In [2]:
import torch
torch.autograd.set_detect_anomaly(True)
belief_updt_n_epochs = 4
belief_updt_lr = 0.1
action_slc_n_epochs = 5
action_slc_lr = 0.1
n_target = 2
mvt_amplitude = 3
max_coord = torch.tensor([300., 600.])
n_rollout = 3
n_step_per_rollout = 3
user_sigma = 5
decay_factor = 0.9

x = torch.tensor([[0.25, 0.25], [0.75, 0.75]]) * max_coord
b = torch.ones(n_target) / n_target

a = torch.nn.Parameter(torch.zeros(n_target))

In [7]:
def update_environment(positions, action):
    
    for i in range(n_target):
        angle = action[i]
        if 90 < angle <= 270:
            x_prime = -1
        else:
            x_prime = 1
        y_prime = torch.tan(torch.deg2rad(angle)) * x_prime

        norm = mvt_amplitude / torch.sqrt(y_prime**2 + x_prime**2)
        movement = torch.tensor([x_prime, y_prime]) * norm
        positions[i] += movement

    for coord in range(2):
        for target in range(n_target):
            if positions[target, coord] > max_coord[coord]:
                positions[target, coord] = max_coord[coord]
                
    return positions
                

def logp_action(positions, action, prev_positions):
    
    logp_y = torch.zeros(n_target)
    for target in range(n_target):
        for coord in range(2):
            d = positions[target, coord] - prev_positions[target, coord]
            logp_coord = torch.distributions.Normal(d, user_sigma).log_prob(action[coord])
            logp_y[target] += logp_coord
            
    return logp_y


def sim_act(positions, prev_positions, goal):
    
    delta = positions[goal] - prev_positions[goal]
    noise = torch.randn(2) * user_sigma
    y = delta + noise
    return y



a = torch.nn.Parameter(a)
a_opt = torch.optim.Adam([a, ], lr=0.01)

for _ in range(213):

    old_a = a.clone()
    a_opt.zero_grad()

    # -----------------------------------
    # Build action plans
    # -----------------------------------

    first_action = torch.sigmoid(a)

    action_plan = torch.zeros((n_rollout, n_step_per_rollout, n_target))
    action_plan[:, 0] = first_action
    if n_step_per_rollout > 1:
        action_plan[:, 1:, :] = torch.rand((n_rollout, n_step_per_rollout - 1, n_target)) * 360

    action_plan *= 360  # Convert in degrees

    total_efe = 0
    for rol in range(n_rollout):

        efe_rollout = 0

        # Sample the user goal --------------------------

        q = torch.softmax(b - b.max(), dim=0)
        goal = torch.multinomial(q, 1)[0]
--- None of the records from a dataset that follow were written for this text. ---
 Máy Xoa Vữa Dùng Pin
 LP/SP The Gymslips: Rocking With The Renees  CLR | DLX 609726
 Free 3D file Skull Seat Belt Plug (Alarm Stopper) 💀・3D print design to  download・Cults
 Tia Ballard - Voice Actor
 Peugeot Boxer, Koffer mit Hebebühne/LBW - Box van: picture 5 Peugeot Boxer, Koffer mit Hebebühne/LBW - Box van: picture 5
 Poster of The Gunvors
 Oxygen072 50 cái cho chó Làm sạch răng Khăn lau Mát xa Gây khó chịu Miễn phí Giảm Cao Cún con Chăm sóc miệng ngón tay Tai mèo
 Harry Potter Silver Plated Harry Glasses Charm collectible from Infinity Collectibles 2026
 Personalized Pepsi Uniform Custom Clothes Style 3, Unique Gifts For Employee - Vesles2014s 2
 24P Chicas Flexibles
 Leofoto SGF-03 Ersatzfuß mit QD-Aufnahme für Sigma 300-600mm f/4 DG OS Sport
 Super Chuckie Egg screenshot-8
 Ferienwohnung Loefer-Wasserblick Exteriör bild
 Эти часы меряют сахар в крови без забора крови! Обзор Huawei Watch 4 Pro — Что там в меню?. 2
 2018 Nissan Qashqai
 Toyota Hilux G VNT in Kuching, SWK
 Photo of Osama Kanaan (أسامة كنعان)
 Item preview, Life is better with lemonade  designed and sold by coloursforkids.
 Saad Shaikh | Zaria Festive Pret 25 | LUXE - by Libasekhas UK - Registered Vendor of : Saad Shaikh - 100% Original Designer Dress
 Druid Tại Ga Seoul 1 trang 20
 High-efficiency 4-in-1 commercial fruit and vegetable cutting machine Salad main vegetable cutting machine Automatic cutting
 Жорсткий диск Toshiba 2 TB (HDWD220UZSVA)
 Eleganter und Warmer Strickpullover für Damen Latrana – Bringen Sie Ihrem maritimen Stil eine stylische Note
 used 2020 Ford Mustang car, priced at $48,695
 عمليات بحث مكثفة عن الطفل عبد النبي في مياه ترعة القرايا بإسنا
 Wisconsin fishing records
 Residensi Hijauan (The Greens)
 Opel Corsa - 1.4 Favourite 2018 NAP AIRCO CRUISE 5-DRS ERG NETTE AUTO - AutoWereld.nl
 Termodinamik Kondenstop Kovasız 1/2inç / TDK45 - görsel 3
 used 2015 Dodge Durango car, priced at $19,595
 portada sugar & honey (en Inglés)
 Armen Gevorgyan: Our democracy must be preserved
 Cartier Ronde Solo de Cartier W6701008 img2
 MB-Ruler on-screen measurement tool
        # -----------------------------------------------

        x_rol = x.clone()
        b_rol = b.clone()

        for step in range(n_step_per_rollout):

            action = action_plan[rol, step]

            # ---- Update positions based on action ---------------------------------------------

            x_rol_prev = x_rol.clone()

            x_rol = update_environment(positions=x_rol, action=action)

            # ------------------------------------------------------------------------------
            # Evaluate epistemic value -----------------------------------------------------
            # ------------------------------------------------------------------------------

            # Simulate action based on goal ----------------------------------------

            y = sim_act(positions=x_rol, goal=goal, prev_positions=x_rol_prev)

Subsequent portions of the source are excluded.